Gold, Frankincense and Myrrh
is NOT a Jewish law firm.
That awkward moment in the confessional when the priest says “Thanks for that mate. I’m actually the cleaner. Wait til the lads hear this!”.
Just ate the last slice of pizza and I wish there was more. Suddenly all of Taylor Swifts songs make sense to me.
DOG 911: What’s ur emer-
DOG: IT’S CHRISTMAS EVE
DOG 911: so?
DOG: MY HUMAN SAID SOMEONE’S COMING IN THE HOUSE THROUGH THE CHIMNEY TONIGHT
DOG 911: OMG
DOG: OMG
Call me old fashioned, but I never cry in front of another man unless it’s to get out of a speeding ticket…

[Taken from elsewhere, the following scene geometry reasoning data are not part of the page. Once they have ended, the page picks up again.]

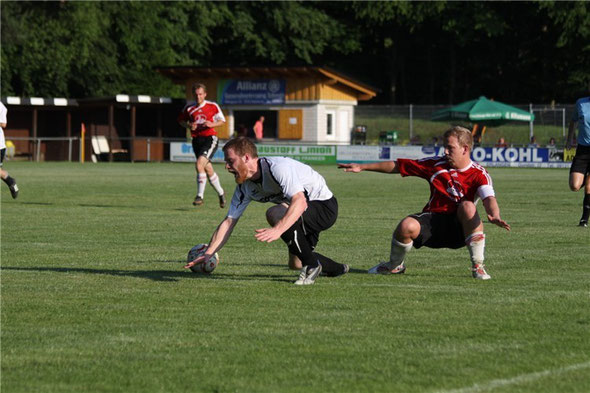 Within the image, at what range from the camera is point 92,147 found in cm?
5056

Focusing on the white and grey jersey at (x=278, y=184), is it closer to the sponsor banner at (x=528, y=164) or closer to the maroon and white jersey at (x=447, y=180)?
the maroon and white jersey at (x=447, y=180)

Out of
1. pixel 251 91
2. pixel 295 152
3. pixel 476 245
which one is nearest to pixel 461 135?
pixel 476 245

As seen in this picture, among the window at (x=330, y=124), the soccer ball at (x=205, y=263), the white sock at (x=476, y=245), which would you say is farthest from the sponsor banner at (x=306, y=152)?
the white sock at (x=476, y=245)

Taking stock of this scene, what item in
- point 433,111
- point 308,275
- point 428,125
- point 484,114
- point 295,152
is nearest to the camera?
point 308,275

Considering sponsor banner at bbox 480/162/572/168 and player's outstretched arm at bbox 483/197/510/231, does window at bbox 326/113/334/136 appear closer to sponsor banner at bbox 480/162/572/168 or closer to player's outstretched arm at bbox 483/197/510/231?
sponsor banner at bbox 480/162/572/168

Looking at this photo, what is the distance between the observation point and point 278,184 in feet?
27.1

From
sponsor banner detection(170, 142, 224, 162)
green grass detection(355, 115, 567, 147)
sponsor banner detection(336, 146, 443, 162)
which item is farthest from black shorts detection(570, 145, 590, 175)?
sponsor banner detection(170, 142, 224, 162)

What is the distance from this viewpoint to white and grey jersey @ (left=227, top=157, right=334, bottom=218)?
27.0ft

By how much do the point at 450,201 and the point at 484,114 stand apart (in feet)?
115

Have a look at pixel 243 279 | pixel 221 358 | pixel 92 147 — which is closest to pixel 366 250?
pixel 243 279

I always keep a baseball bat under my bed. You know, in case someone breaks in and throws a ball at me.
You seem stressed. Perhaps I can help by stepping on your computer’s power button
–cats
May your day taste like creamy soup.
If you’re wondering how lazy I am today, I just pulled a chair up to the fridge.
Pro tip: Wearing an 18th century corset really weeds out the quitters
I think about wizards and dragons way more than a wizard of 3 small dragons should. Dammit I meant mother of 3 small dragons. Dammit I meant
[1st time at a crime scene]
Cop: What do you think happened?Me: The killer murdered these people by trapping them in these body bags
Cop: um we put them on
Me: Another good theory
[the invention of ping pong]
“I don’t want this tiny ball.”
“Well, neither do I.”
“That makes me very angry.”
“Me too.”
A skinny friend told me she’s never hungry and just ‘forgets to eat’, so I drove her out to the woods and left her for dead. Is that wrong?